## Calculating Days of the Week (In Your Head)

On what date does Easter fall this year?  What day of the week is your dad’s birthday?  What day of the week is July 4th this year?  Answering questions like this, quickly, without consulting a calendar, seems to be a frequent parlor trick recently.  This is a quick post describing the approach that I use to calculate the day of the week of a given date (i.e., year, month, and day).
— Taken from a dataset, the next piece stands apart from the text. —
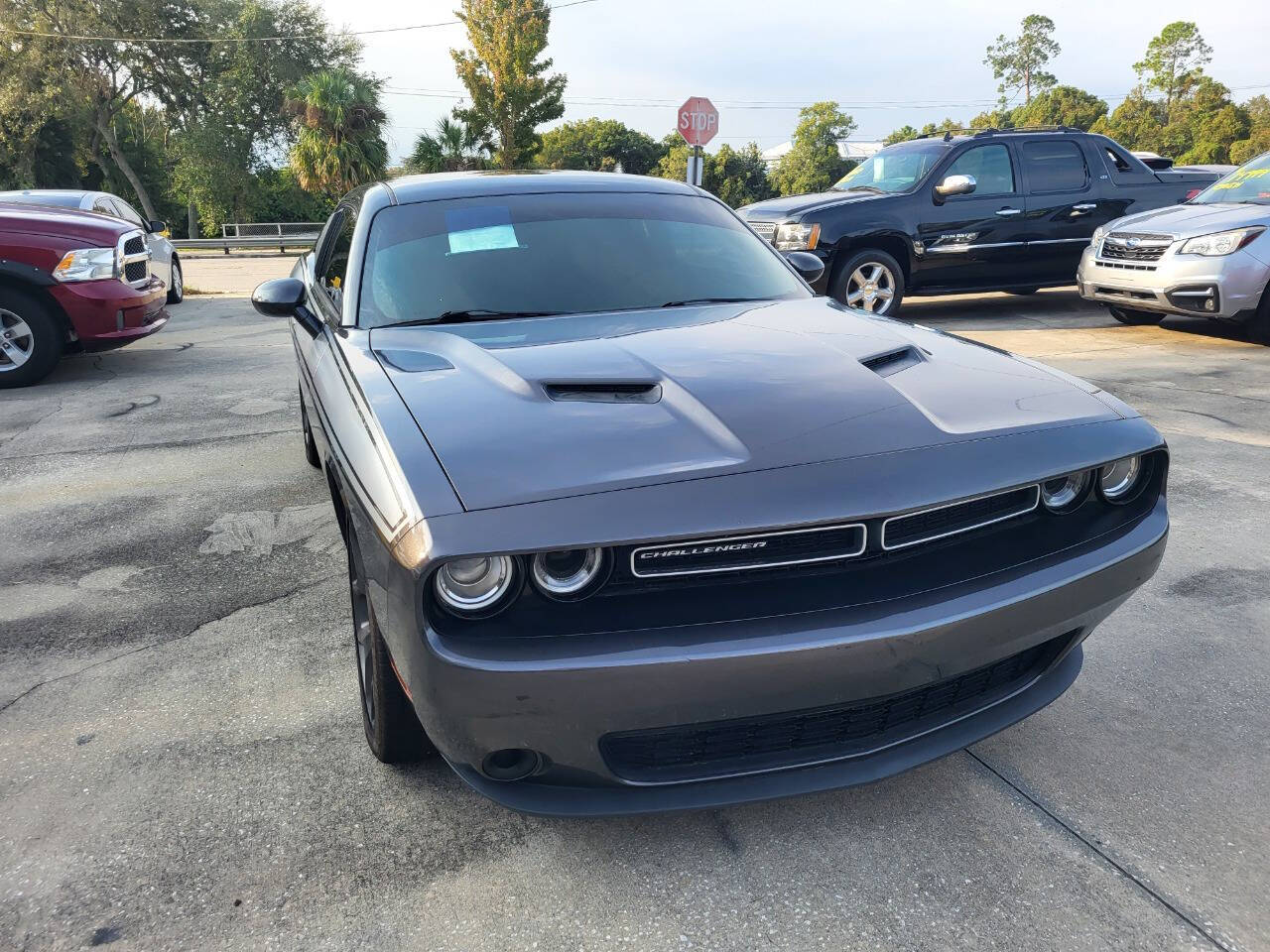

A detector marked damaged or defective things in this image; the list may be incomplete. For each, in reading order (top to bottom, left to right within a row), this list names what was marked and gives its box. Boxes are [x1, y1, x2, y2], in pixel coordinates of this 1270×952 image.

crack in pavement [0, 573, 345, 715]
crack in pavement [964, 751, 1234, 952]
Note that there are really two common applications here.  One is an algorithm for a computer.  In that case, I think the best approach is to generalize slightly, using the (modified) Julian day number or something similar to associate consecutive dates with consecutive integers.  That algorithm is well-documented.  The other application is a method for performing the calculation quickly in your head, which is a different problem, and is what I am focusing on here.

There is plenty of literature on this problem as well, the most commonly referenced methods being Conway’s Doomsday algorithm and Zeller’s congruence.  The Doomsday algorithm never really appealed to me, seeming to consist of a hierarchical set of special cases progressing from months to years to centuries.  And Zeller’s congruence is often presented with the accurate but complicated arithmetic involving the month, which is fine for a computer, but I certainly can’t do it in my head.

The following approach is one that I remember, with some fondness, working out in the backseat of my parents’ station wagon while traveling to visit my grandparents.  I had found a book (from the public library, now lost to the mists of antiquity) that contained a perpetual calendar, a two-page table that involved a complex sequence of row/column intersections to determine the day of the week for a given date.  I was fascinated by this table, and in an effort to understand how it worked, I tried to turn that complex sequence of steps tracing through the table into a mathematical formula.  In hindsight, the result was effectively Zeller’s congruence, but with some slight modifications that I find to be simpler for computing in your head… although this is perhaps only because it is how I learned it.

The algorithm: Represent the year as $100c + y, 0 \leq y < 100$, considering dates in January and February to be in the previous year.  Then given also the month $m \in \left\{1, 2, ..., 12\right\}$ and day $d \in \left\{1, 2, ..., 31\right\}$, the day of the week $w$ is given by:

$w \equiv 5(c\bmod 4) + y + \lfloor\frac{y}{4}\rfloor + M_m + d \pmod{7}$

$M = (0, 3, 2, 5, 0, 3, 5, 1, 4, 6, 2, 4)$

where $w=0$ corresponds to Sunday, $w=1$ to Monday, etc.  For example, New Year’s Day 2012 will correspond to $c=20, y=11, m=1, d=1$, yielding $w \equiv 0$, a Sunday.  Note that this formula works for any non-negative century in the (proleptic) Gregorian calendar.